But she couldn’t escape the feeling that “there was more to be done with my camera than I was doing,” Chatmon told me. So she turned her lens to the personal and artistic when her father, James “Rudy” Muckelvene, was diagnosed with cancer. She created a photographic record of his illness, until his death in 2010. Still dealing with her grief, Chatmon tried to recommit to her commercial work before realizing there was no going back. “I thought, ‘I can’t do this anymore,’ ” she says.
Chatmon’s work became more and more directed to the beauty of Black children, including her own, whose humanity and value she didn’t see reflected either in art or the world around her. She recalls frustratedly trying to explain the tragedy of the death of Trayvon Martin to Facebook friends, finding “that I was talking and no one was listening. My arguments weren’t enough.”
Her art, she decided, must speak for her. So Chatmon began painting on top of her photographs, creating images that unmistakably present young Black faces as precious, often framed in gold. Recent events have continued to affect her work in ways both thematic and practical. The country’s racial reawakening that began with the 2020 murders of George Floyd and Ahmaud Arbery reaffirmed her commitment to an emphasis on the beauty and worth of Black people and Black lives.
The glittering pieces find their roots in the works of past creators like Gustav Klimt, as well as the hours she has spent in museums with her children, Kardan, 17; Kailynn-James, 14; and Kaicie-October, 10. But at their heart, her creations are ultimately inspired not as much by the faces she and her family observed on those museum walls, but by the ones that were missing — those like their own.
“I want them to see themselves as beautiful, not background. It only makes sense that they would see themselves in a celebratory way,” says Chatmon, 42, who lives in Annapolis with her husband, Kardan. Such golden embellishment, she notes, “was historically reserved for those of importance, as special.”
Her subjects shine with a deliberate focus typically seen in depictions of royalty. These gilded images have been viewed and feted around the world and will be featured in “The Afro-Futurist Manifesto: Blackness Reimagined,” an affiliated exhibit of the Venice Biennale April 23 through Nov. 27. The show is part of the event’s “Personal Structures” series by the European Cultural Centre.
Chatmon, who was named one of “7 Artists You Should Know” by director Shonda Rimes’s Shondaland site, and seven other Black artists are part of the exhibit, curated by Myrtis Bedolla, of Baltimore’s Galerie Myrtis.
Grace Ebert, managing editor of Colossal, a Chicago-based online arts publication, says her site has featured Chatmon several times because “we see her work as part of a larger narrative regarding who’s considered valuable and beautiful, what world we’re leaving for future generations, and what we can do today to show people we care.”

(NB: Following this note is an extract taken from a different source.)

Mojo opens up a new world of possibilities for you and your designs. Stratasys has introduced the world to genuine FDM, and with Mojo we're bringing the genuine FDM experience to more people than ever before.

It’s not a coincidence that Chatmon’s subjects are people that she is close to, including her children. To Chatmon, that future is inextricably linked to youth: “I have become intensely aware that (it) does not belong to me; it belongs to them,” she writes in her official statement for the Venice exhibition. Still, much of her work, including the series “Deeply Embedded” in 2016 and “The Redemption” in 2018-2019, draws obvious inspiration from the past, such as the “Africa Through a Lens” photography series at the National Archives of images shot on the continent starting in the 1860s.
She has often presented her subjects, their bountiful hair resplendent in coils and curls, and their glistening brown skin in shades from chestnut to mahogany, against a stark white background. But in her latest work, her young subjects are rendered into historical landscape paintings, in hues of gentle greens and blues, now both physically and spiritually “free of the white backdrop,” she says.

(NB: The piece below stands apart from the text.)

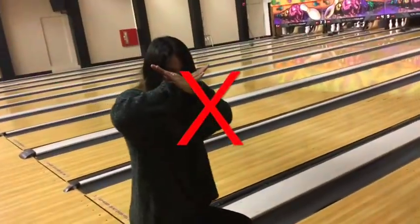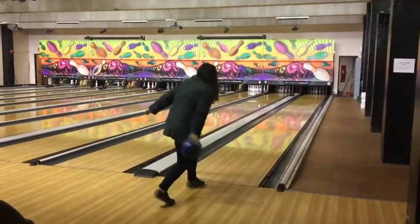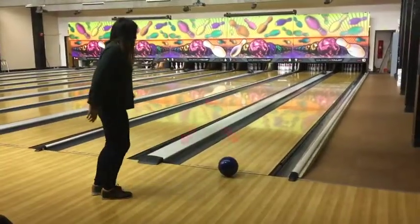Make sure to not cross the line. This is the correct bowling form for right-handed bowlers. Do not use any of the form between the legs, or the soccer kick.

Her subjects often are portrayed amid symbols such as circles, birds and suns, evoking an innate divinity and a connection to African culture and ancestors, in the style of the Italian Renaissance. She’s even included upside-down hearts, which she says were found on the Alabama graves of those who likely were captives on the Clotilda, the last known ship carrying enslaved people to arrive in the United States.
“The birds,” she says, represent the descendants of that and other vessels, “a connection to home, a message to the ancestors.”
In December, while she was preparing for Venice, the artist and some of her family tested positive for the coronavirus, and Chatmon’s mother and son were quarantined in the basement of the family’s home. For two weeks she couldn’t access the pieces she was preparing; even when she was finally able to restart and “get back into the groove, I was just foggy.”
But she rallied, and finished her pieces, crafting each brushstroke and painstakingly placing each piece of gold leaf. After Venice, the images will travel to the James E. Lewis Museum of Art at Baltimore’s Morgan State University.
And, as all of her work has been, “they will be placed in gold frames,” she says. “It’s where we belong.”
Leslie Gray Streeter is a Baltimore-based journalist.